• [TASK GOAL]: Go through the listing below and list every line with "trim".

- - - -

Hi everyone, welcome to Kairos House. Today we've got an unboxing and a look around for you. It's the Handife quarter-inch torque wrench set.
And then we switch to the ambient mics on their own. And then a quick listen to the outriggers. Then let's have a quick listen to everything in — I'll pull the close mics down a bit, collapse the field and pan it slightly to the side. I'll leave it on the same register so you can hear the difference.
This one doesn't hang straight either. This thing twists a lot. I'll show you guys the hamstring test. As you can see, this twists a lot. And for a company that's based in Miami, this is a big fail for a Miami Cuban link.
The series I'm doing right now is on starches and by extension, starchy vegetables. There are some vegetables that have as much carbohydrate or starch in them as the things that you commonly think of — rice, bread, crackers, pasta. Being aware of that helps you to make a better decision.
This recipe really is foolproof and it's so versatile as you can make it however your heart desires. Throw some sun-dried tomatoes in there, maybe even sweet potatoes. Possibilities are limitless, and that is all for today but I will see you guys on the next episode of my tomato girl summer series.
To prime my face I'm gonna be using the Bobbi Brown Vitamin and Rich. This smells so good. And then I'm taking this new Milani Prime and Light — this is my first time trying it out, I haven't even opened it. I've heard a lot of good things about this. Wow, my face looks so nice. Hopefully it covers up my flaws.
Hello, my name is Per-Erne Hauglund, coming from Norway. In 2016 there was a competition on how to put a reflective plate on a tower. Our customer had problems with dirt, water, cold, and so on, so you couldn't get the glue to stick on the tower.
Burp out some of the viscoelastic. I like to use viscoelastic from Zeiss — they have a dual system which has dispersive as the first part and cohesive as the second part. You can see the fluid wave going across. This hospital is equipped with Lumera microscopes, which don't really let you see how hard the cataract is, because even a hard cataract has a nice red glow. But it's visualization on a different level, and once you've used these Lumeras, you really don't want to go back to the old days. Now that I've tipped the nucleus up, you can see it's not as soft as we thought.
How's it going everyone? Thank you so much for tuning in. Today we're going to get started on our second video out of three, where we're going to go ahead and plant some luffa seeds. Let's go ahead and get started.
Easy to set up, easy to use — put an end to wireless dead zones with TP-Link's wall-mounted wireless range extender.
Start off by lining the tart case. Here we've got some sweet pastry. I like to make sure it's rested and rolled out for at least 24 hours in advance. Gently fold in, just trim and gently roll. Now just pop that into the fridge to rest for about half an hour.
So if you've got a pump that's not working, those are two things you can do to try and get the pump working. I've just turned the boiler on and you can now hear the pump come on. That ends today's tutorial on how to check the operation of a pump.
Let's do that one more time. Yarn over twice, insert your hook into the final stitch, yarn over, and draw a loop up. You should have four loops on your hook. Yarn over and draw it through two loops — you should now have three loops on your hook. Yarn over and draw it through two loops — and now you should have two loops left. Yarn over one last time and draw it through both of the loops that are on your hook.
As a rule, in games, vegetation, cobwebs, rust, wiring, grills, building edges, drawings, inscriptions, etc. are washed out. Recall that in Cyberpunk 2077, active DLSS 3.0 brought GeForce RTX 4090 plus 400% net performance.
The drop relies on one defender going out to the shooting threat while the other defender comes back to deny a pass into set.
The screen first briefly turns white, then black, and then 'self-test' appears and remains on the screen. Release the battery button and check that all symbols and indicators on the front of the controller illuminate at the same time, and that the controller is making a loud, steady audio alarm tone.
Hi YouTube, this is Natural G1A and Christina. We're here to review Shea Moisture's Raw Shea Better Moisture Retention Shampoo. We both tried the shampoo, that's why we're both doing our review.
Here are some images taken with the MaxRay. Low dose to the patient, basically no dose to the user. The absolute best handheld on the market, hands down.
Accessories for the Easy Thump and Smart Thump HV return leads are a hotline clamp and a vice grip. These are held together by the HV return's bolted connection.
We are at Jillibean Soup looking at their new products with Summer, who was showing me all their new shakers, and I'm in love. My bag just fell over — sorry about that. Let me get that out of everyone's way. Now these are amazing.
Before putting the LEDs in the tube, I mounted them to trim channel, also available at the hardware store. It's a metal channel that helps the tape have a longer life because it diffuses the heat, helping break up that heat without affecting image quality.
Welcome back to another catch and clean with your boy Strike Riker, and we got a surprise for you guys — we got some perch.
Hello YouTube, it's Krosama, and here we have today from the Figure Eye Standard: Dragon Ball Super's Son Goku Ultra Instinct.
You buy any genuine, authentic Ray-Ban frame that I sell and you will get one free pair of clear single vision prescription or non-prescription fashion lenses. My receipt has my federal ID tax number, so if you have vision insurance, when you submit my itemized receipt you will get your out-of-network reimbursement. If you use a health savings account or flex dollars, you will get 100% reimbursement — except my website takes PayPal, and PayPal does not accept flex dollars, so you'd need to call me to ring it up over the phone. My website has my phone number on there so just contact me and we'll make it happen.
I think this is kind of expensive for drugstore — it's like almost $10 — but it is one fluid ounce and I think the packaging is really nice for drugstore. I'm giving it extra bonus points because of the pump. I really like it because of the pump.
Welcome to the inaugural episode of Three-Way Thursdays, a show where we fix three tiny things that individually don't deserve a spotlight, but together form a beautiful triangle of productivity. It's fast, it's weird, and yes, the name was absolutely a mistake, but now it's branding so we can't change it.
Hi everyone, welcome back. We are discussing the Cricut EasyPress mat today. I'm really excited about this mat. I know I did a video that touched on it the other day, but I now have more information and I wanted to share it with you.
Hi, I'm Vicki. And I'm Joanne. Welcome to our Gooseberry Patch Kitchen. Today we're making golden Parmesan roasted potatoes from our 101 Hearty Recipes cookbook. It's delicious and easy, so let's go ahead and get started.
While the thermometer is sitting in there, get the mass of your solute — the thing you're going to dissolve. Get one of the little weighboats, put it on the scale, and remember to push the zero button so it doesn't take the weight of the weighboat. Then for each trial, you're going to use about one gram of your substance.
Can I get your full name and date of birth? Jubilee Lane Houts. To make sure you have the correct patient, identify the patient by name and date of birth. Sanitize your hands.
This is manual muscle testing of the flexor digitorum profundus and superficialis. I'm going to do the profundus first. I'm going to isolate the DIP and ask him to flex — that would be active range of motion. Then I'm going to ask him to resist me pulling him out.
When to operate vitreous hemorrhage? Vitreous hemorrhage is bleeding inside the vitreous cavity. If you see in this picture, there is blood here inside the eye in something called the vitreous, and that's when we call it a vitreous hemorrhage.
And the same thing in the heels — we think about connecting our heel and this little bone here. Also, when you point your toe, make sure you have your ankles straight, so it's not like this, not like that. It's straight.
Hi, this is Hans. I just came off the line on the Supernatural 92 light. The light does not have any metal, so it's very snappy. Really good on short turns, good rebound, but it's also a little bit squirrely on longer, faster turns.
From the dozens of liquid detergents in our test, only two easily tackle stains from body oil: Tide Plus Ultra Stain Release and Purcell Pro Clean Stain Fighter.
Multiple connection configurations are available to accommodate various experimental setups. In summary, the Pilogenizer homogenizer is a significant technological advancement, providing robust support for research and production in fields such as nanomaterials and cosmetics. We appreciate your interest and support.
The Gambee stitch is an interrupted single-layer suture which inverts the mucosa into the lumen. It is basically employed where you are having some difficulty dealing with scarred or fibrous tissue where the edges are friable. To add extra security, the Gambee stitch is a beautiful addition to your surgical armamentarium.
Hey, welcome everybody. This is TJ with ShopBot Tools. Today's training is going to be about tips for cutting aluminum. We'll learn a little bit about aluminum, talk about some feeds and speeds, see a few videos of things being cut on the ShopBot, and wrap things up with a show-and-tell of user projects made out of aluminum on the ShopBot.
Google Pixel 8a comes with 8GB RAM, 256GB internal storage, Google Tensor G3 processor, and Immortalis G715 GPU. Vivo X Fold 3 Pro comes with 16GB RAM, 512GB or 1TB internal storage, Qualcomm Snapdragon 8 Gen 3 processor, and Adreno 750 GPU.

- - - -

• [FINISHED TASK]:
Start off by lining the tart case. Here we've got some sweet pastry. I like to make sure it's rested and rolled out for at least 24 hours in advance. Gently fold in, just trim and gently roll. Now just pop that into the fridge to rest for about half an hour.
Before putting the LEDs in the tube, I mounted them to trim channel, also available at the hardware store. It's a metal channel that helps the tape have a longer life because it diffuses the heat, helping break up that heat without affecting image quality.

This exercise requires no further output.